Japan's Toyota was an early adopter of hybrid electrification for its vehicles, innovating with the Prius model, but has fallen behind when it comes to full electric vehicles. The company's senior management have even made statements against going toward full electric.
At Toyota's annual meeting in January, CEO Akio Toyoda denounced the Japanese government's proposals to phase out gasoline-powered vehicles by the mid-2030s.
He claimed that electric vehicles produce more emissions than internal combustion engines.
He added that electric vehicles are too expensive and that the car industry would collapse if internal combustion engines were phased out.
The first point has been proved false by numerous studies. The second is somewhat correct, with the cost of mass-market electric vehicles significantly higher than comparable internal combustion models. But prices are coming down.
It has even been reported that the Japanese automaker has lobbied lawmakers in the United States to dissuade them from all-electric future.
More importantly, Toyota seems to be at war with itself. While its CEO attacks a market that is growing at a significant pace, it must invest in electrification to mitigate strategic risks.
Toyota has joint ventures with Panasonic and China's BYD, and is building a $1.2-billion electric vehicle manufacturing base in Tianjin. But its electrification pales in comparison to major rivals such as Volkswagen.
Could it be that Toyota is bitter because of all the money it invested in hydrogen fuel-cell technology, which has not captivated the market as it planned?
While hydrogen technology has been advanced by the Japanese carmaker in recent years, battery electric vehicles have improved at a faster rate across many metrics-efficiency, range, charging network, price and popularity.
But Toyota is making some effort, despite the grumblings of its CEO. The company claims that it will have 70 electric models by 2025.

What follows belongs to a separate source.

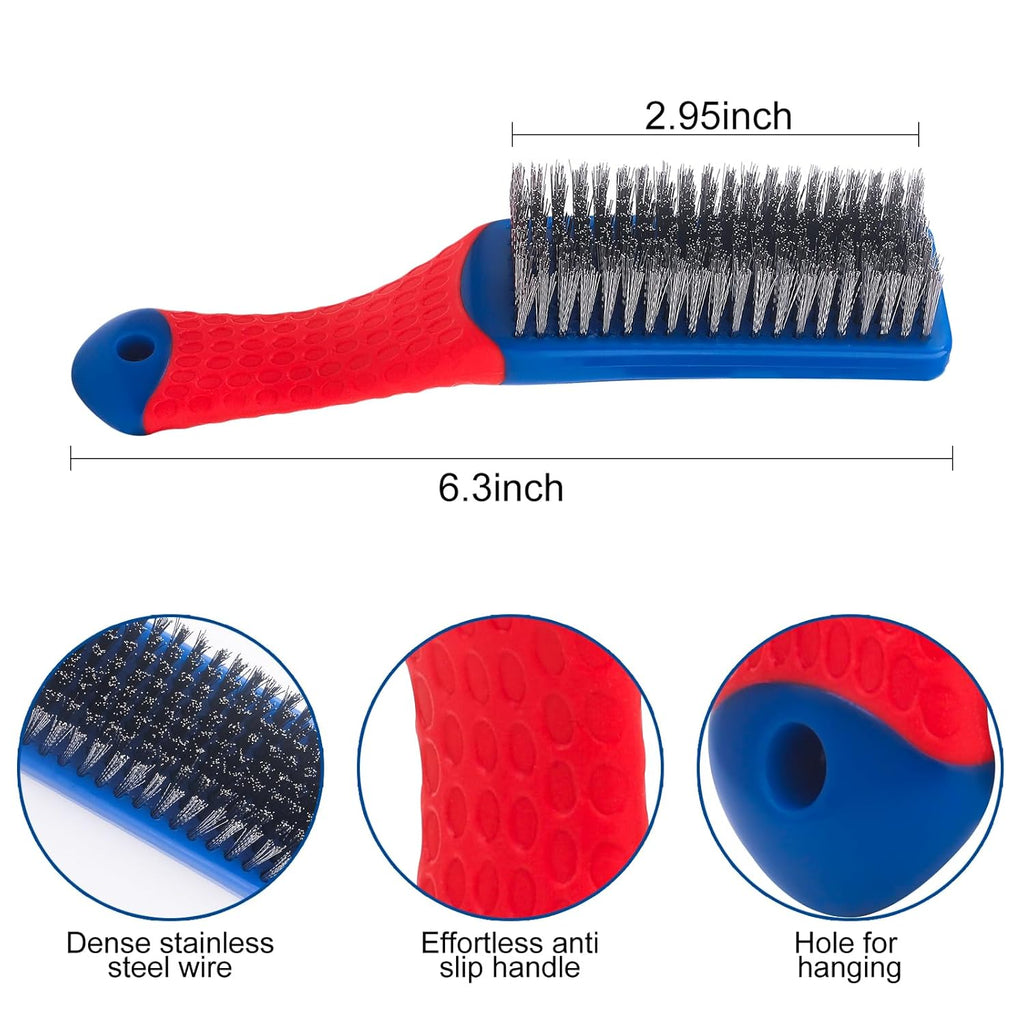 Wire Brushes 2 Pcs Steel Brushes Heavy Duty Carbon Steel and Stainless Steel Wire Scratch Brush with Rubber Ergonomic Handle (16x3.5cm)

Currently, it has three pure electric models on sale in China. Compared to rivals such as Tesla and Volkswagen, and Chinese brands such as BYD and GAC, Toyota is lagging far behind in the world's largest car market.

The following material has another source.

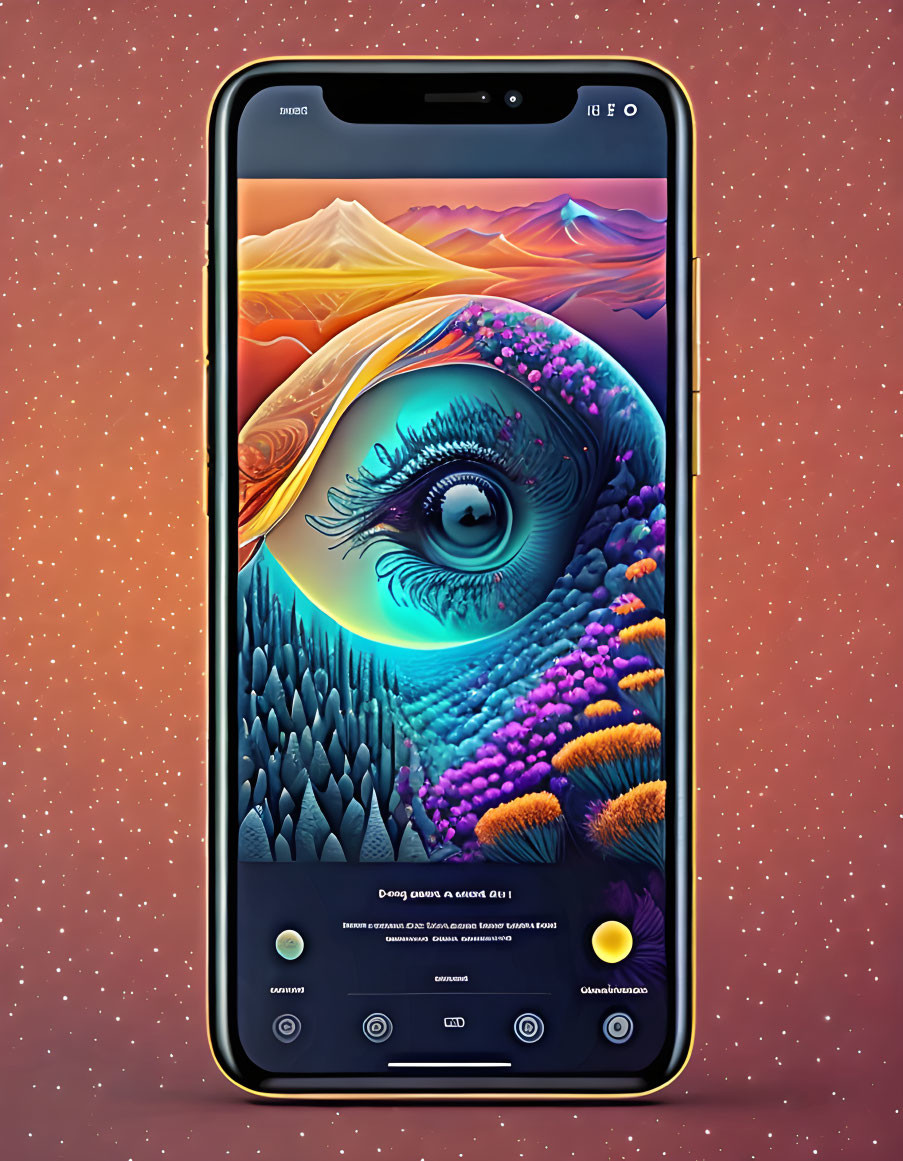 Colorful surreal eye wallpaper on smartphone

A total of 296,000 pure electric vehicles from all brands were sold in China in September alone.
Another danger for the Japanese marque is that it can't rely on its rich history of innovation and reliability.
A host of pure electric startups are following the charge of Tesla and are potentially hovering up the current and future market share of traditional manufacturers.
These startups are examples of how staying well-informed about the demands of the market can pay rich dividends.
It's not being said that hydrogen fuel-cell technology isn't an environmentally friendly and achievable solution for future mobility, it is.
But at the moment, pure electric is outperforming hydrogen and the marketplace has made its decision for now.
Toyota's mantra is to invite people to go on a journey: "Let's Go Places". However, if it doesn't react more quickly to the current climate for pure electric, the only places Toyota's customers will be going are to its competitors.